• Fats Waller – First Recordings
Thursday, 15 September 2011 Leave a comment
I’ve long been curious about Fats Waller’s musical origins, such as stories about him learning the repertoire of stride piano by sticking his fingers on the keys as the piano roll depressed them. Well, now that I’ve the opportunity to explore his legacy of some 600 recordings, I thought I’d begin by posting two of the earliest.
Waller made his first recordings as a solo pianist. On 21 October, 1922, when he was 18, he recorded two tracks with connections to Alabama in their titles. The first, played apparently more or less at sight, was George W. Thomas’s Muscle Shoals Blues. As a B side, Waller improvised Birmingham Blues (below), which makes it also his first recording as a composer. The characteristic right hand riffs are already there as is his legendary left-hand spread and the relaxed, bouncy manner in which he plays. It’s very fresh and natural.
I’ve also posted a modern Yamaha DiscKlavier performance from a transcription made by Paul Marcorelles (below). It makes for interesting viewing, because it demonstrates visually what Waller did in his early years to learn how to play stride piano. It also gives a good idea of both Waller’s right-hand ornamentations as well as the distance covered by the left-hand stride.

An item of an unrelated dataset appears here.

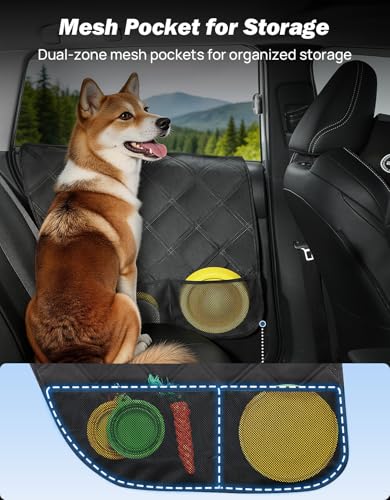 JOYTUTUS Dog Car Door Protector Compatible with Sedan/Family Car/Small SUV, Waterproof & Anti-Scratch Door Protector from Dog Scratching with Storage Pockets (2 Packs Universal Fit) - size: Fit for Sedan/ Family Car/ Small SUV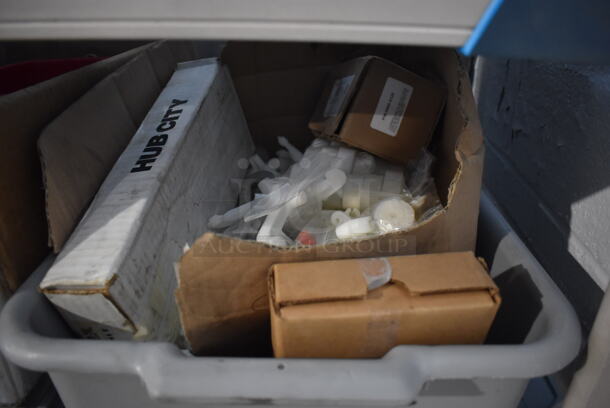 ALL ONE MONEY! Tier Lot of Various Items Including Poly Pitchers, Parts, and Casters - Image 2 of 6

Jump over some 20 not-so-interesting recordings of Waller as an accompanist (with the exception of two off-the-wall tracks with kazoos, wood-blocks and piano – You Don’t Know My Mind Blues and West Indies Blues – recorded by him in May 1924 as one of the Jamaica Jazzers) and you come to Waller’s first ‘orchestral’ recording, The Henderson Stomp. He made this as a member of the Fletcher Henderson Orchestra on 3 November 1926. Also in the line-up were Benny Morton (trombone) and three equally young clarinettists/saxophonists – Buster Bailey, Don Redman (also the arranger, below) and Coleman Hawkins.
The Henderson Stomp has the infectious energy and raw edge that characterise the shifting jazz performance styles between the early and late 1920s (note also the bass line: bands used the tuba before the string bass took over). And Waller has developed a dance-swing style in his playing that fits in perfectly with Redman’s catchy chorusing.